We have hijacked their lives and so many like them all over the world in the name of our own religious values, beliefs, stereotypes.

We create a dialogue about them ironically that knows nothing about them nor does it even ask them what they think.

Religion to me therefore is exactly what both Mighty AC and Michael H said. Its both and I am convinced myself it is a primal behaviour used to express both our death (thanitos) or negative energy drive inherent in us, and our life (eros) positive energy drive inherent in us.

We use religion as a way to express what ever energy type in us seems to be possessing us at the moment.
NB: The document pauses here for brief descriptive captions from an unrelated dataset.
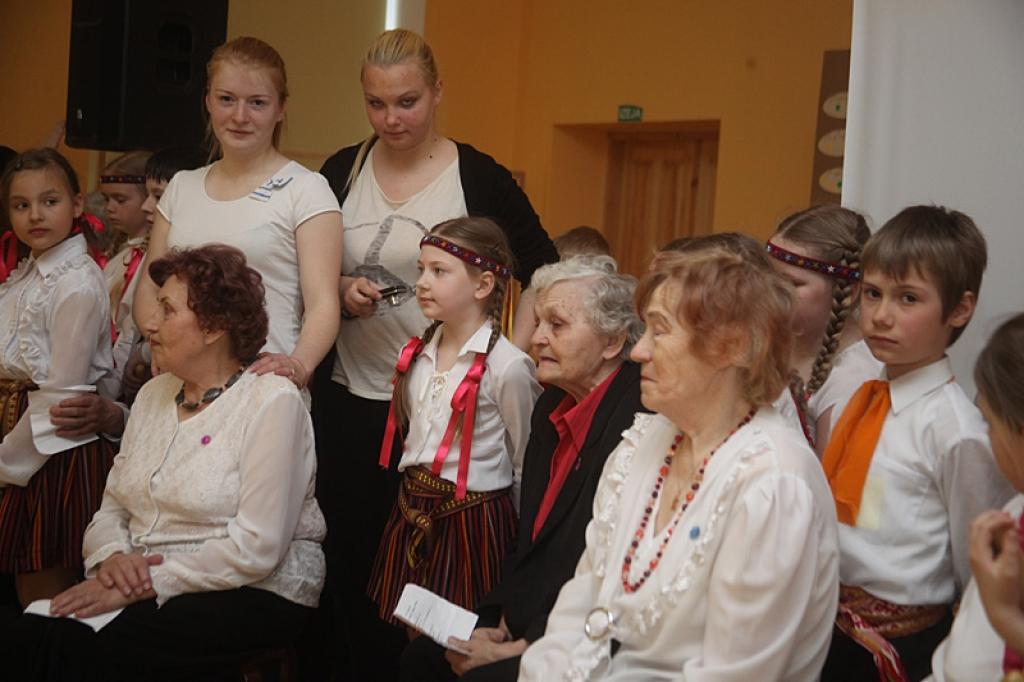 Gulbenes vidusskolā norisinājās projekta “Vai tu esi manos draugos?” noslēguma pasākums. Tāds ir skolas 2.klašu un pilsētas senioru apvienības kopprojekts, kurš vērsts uz paaudžu solidaritāti un sadarbības, pieredzes, prasmju un zināšanu...
Autors: Inita Savicka
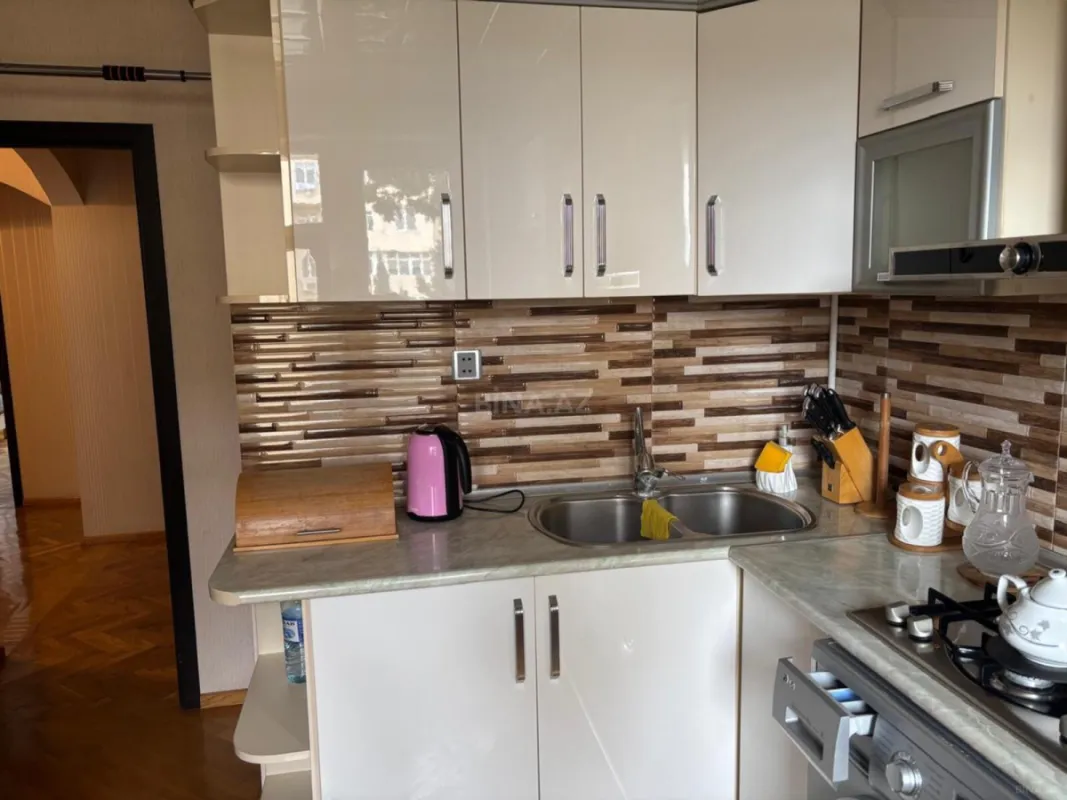 Satılır 3 otaqlı mənzil 85 m²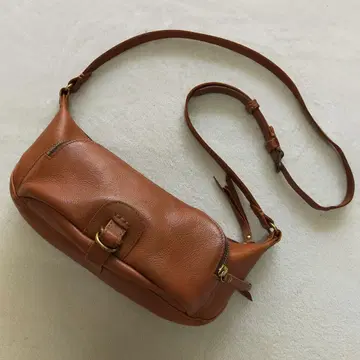 H 1203 MANO FECE 올 가죽 바디백 숄더백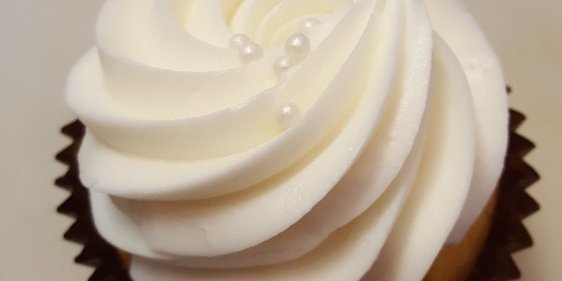 Large Wedding Cake Cupcakes
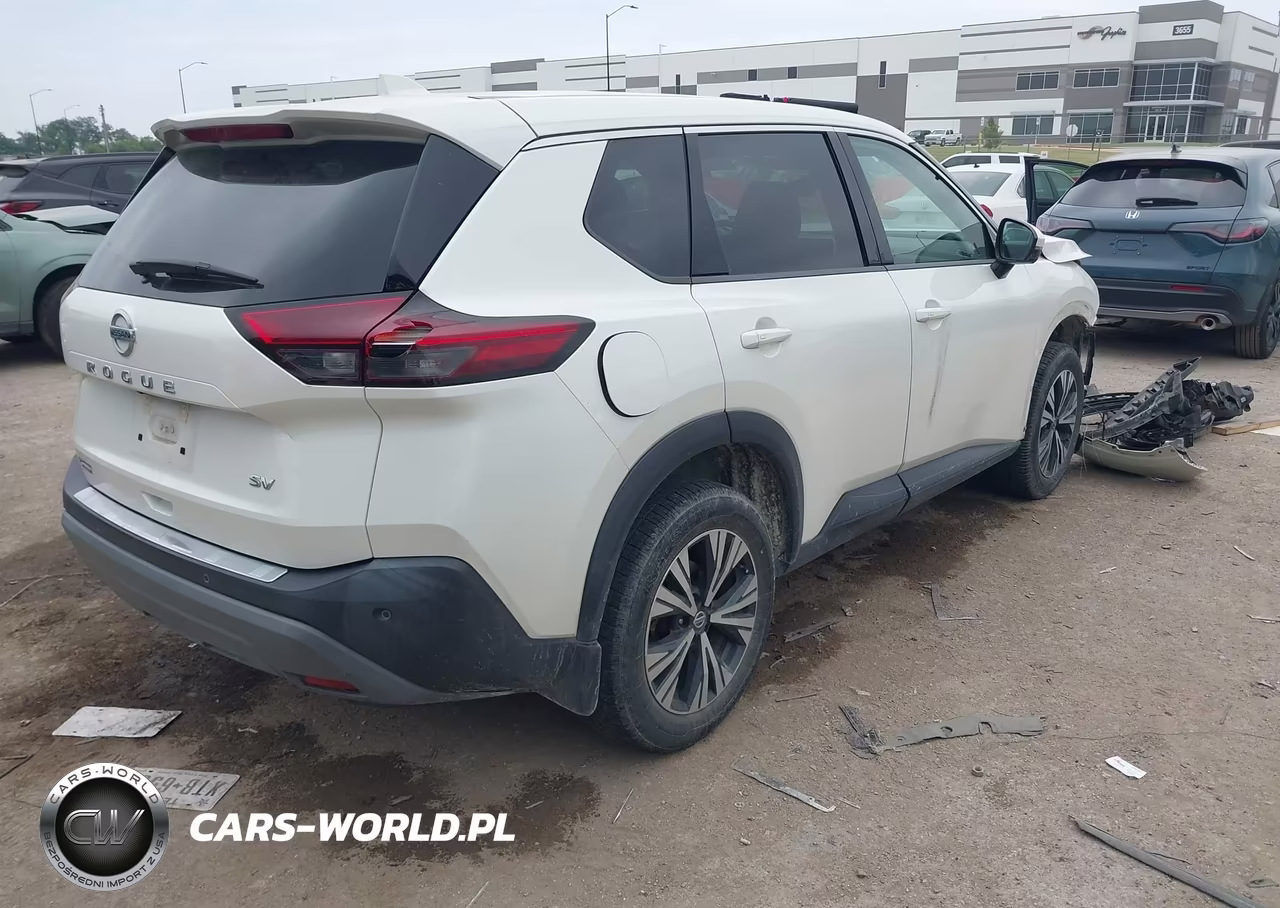 2021 Nissan Rogue Sv Fwd VIN:5N1AT3BA8MC824749 - 4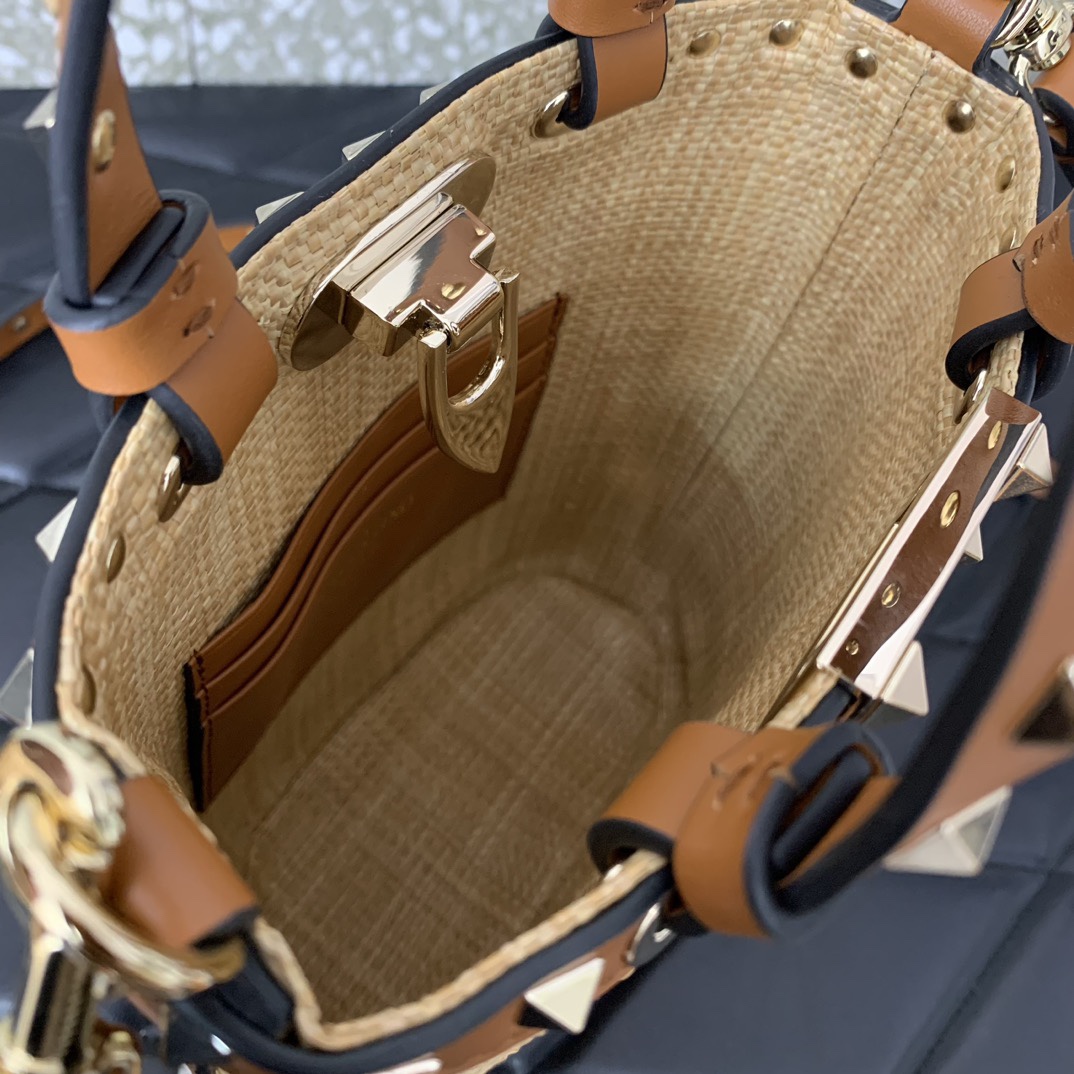 Va1e*ntin0 garavani rockstud bucket in woven raffia-16*19*8.5cm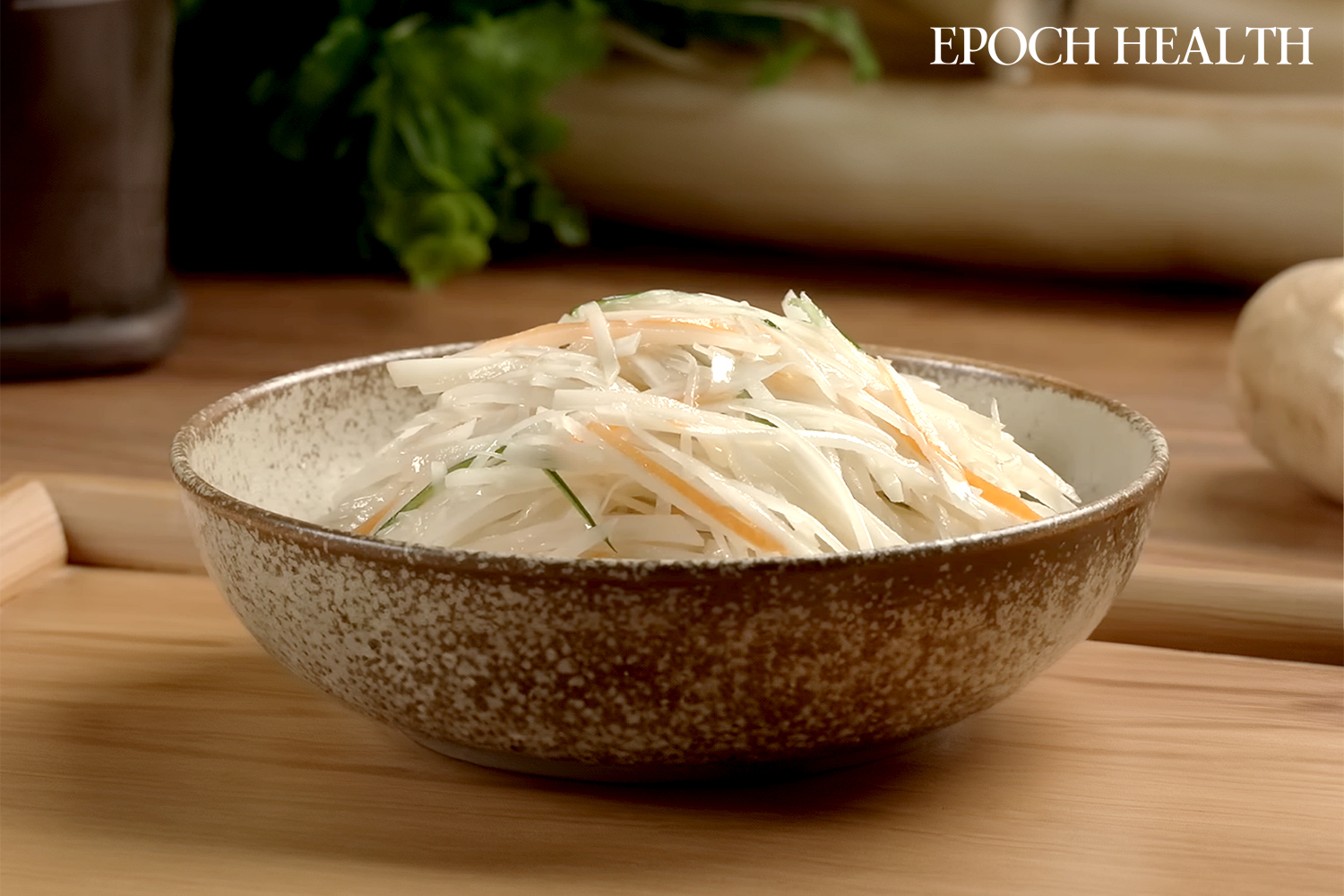 A dish that can be prepared in 5 minutes without the need to use a stove: Cold potato salad. (The Epoch Times)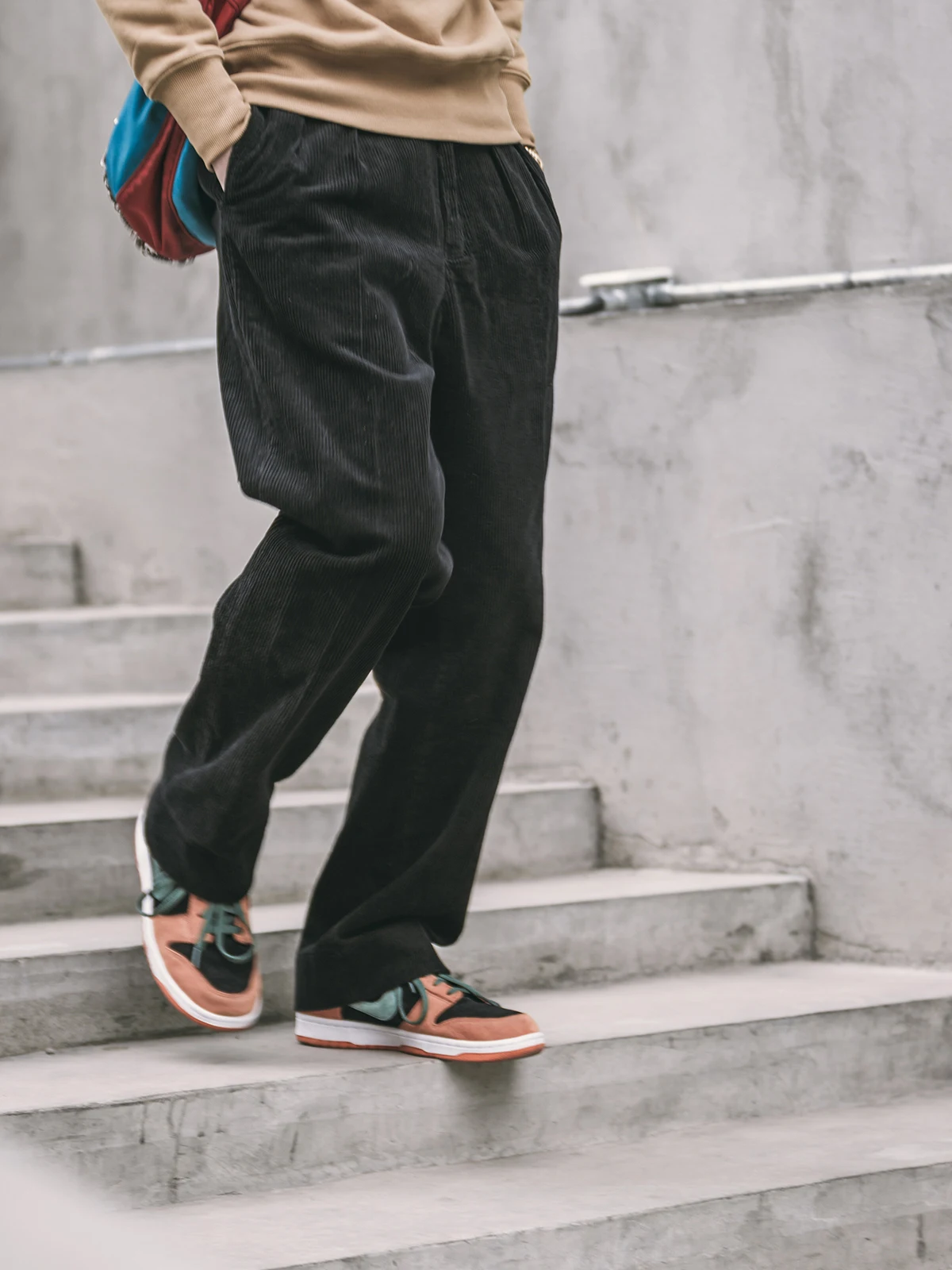 Брюки мужские вельветовые свободного кроя винтажные повседневные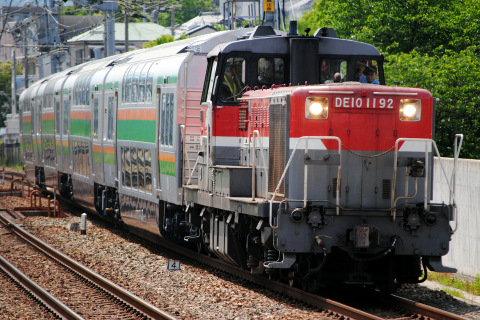 【JR東】E233系グリーン車4両 甲種輸送をさくら夙川駅で撮影した写真
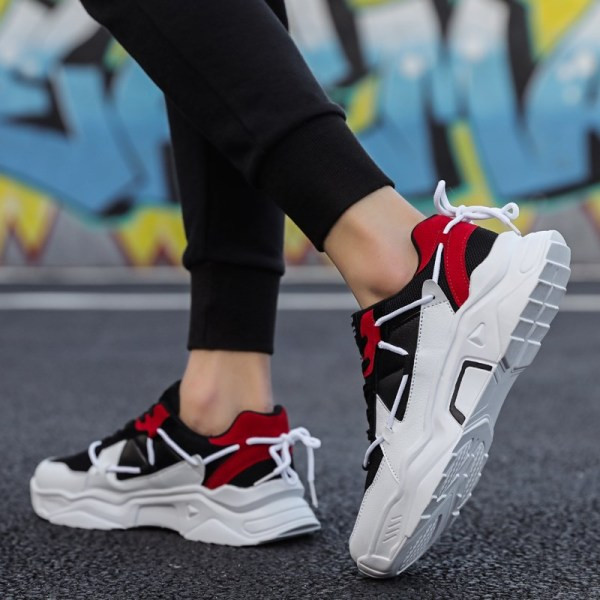 Új modell férfi tornacipő, lapos talppal, öko velúrból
That's why me I just believe for example the Bible has many meanings not just the literal one, and that perhaps say the story of Adam and Eve could be a codified allegry for the inherent structure in any cell, in any atom-that class between the positive an negative energy elements that is required to create light or life.

I believe the pith and substance of life is found in the battle between good and evil, between positive and negative, and the clash, that constant tension as the two conflict, is what sets our stage so to speak, it creates the never ending sequences of actions, behaviours, movements, and while at one level it appears chaotic, overwhelming and therefore insane, at another level we can get glimpses of how infinitely beautiful it is as well because of when it connects and spreads positive energy.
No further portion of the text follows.